The rise in the number of betting shops and online applications is blamed for a problem experts say is being ignored.
And, they add, smartphones have done much to encourage the bet-anywhere-anytime philosophy and help keep the problem hidden.
The issue is now seen as so great that the charity Drugsline plans to introduce help sessions for the community's youth.
Ari Leaman, who runs the Boys Clubhouse, a drop-in centre for young Jewish men with addictions, said gambling was now his leading challenge.
"I'm coming across it more than ever. I find it harder to deal with than any other addiction. It destroys a person's morale and honesty," he said.
"What's not kosher about gambling? That's the way they see it. Gambling is an escape and a buzz.
"The gambler gets caught up and before you know it he's down. He's lost £20 that he's borrowed.

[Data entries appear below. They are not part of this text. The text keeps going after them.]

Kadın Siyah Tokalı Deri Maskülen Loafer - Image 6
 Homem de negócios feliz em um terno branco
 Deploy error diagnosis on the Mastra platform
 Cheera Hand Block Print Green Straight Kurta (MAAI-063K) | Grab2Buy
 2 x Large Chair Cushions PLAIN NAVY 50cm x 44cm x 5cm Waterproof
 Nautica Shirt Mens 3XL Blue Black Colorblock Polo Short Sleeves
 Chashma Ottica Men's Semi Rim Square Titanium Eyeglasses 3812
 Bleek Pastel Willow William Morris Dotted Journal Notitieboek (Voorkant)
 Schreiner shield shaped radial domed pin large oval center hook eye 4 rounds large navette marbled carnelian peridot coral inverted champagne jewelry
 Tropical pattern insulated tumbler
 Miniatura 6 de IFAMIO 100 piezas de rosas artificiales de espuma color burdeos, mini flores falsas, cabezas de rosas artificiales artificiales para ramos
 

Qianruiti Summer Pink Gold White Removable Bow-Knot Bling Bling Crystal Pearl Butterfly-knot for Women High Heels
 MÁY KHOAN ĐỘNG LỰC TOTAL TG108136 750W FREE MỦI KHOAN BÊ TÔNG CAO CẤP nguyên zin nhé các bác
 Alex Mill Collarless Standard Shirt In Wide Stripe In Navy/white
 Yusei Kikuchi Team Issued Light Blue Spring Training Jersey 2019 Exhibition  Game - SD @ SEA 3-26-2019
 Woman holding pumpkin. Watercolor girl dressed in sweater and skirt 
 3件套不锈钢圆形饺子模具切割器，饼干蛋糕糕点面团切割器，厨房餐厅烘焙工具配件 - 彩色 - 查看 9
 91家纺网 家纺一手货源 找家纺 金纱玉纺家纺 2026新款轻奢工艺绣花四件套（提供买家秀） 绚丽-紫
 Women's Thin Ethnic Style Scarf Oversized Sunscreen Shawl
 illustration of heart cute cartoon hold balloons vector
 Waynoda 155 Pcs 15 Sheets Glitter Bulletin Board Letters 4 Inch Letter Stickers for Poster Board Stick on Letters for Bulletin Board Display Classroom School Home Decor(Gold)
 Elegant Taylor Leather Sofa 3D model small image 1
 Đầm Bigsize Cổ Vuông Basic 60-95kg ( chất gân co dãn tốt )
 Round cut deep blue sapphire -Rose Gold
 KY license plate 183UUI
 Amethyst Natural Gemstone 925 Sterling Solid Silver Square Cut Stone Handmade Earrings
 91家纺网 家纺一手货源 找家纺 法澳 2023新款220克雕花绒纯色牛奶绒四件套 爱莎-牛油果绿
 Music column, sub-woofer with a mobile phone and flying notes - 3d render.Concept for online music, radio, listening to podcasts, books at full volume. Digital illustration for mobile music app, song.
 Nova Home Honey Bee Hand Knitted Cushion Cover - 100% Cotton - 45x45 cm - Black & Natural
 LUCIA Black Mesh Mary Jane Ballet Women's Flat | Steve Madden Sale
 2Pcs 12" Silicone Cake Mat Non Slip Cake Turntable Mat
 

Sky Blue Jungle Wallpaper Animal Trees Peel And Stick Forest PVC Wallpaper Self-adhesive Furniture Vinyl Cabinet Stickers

The only way to get it back is to steal from his mum. Then there's a bigger mess and he needs more money. He needs £200 to bail himself out."
Mr Leaman, whose centre is based in Hendon, north-west London, said young men were now "doing crazy stuff" to cover their betting debts. He noted an increase in Jewish youngsters attending Gamblers Anonymous meetings.
He added: "The kids I've met in the past 10 years who are likely to turn to crime are the gamblers. Stand in the centre of Hendon and count the number of betting shops you can see. They are on every corner."
Rabbi Dr Chanan Tomlin, executive director of the Salford-based Kids Trust, said gambling was "a significant problem and it's not getting any better".
He added: "You don't have rabbis speaking out against gambling. There is no awareness and there are no lectures on it. "
Rabbi Aryeh Sufrin, founder of addiction support group Drugsline, said: "There has been a major increase. It's always been a Jewish illness. There's a major difference now because of the accessibility. Gambling has come back to the forefront. "
He suggested teenagers taking GCSEs and A-Levels could turn to gambling to ease the stress.
Rabbi Julia Neuberger, former chair of the Responsible Gambling Strategy Board, said: "Gambling is definitely a Jewish problem. A lot of the problem gamblers I met while in the role were Jewish."
A number of high profile criminal cases in the community have revolved around gambling debts.
They included three Jewish boys breaking into a synagogue to steal a car and a 30-year-old organising the burglary of a house because he owed an Israeli gang £30,000. A former JFS pupil took a rabbi to court following a row over gambling debts totalling more than £700,000.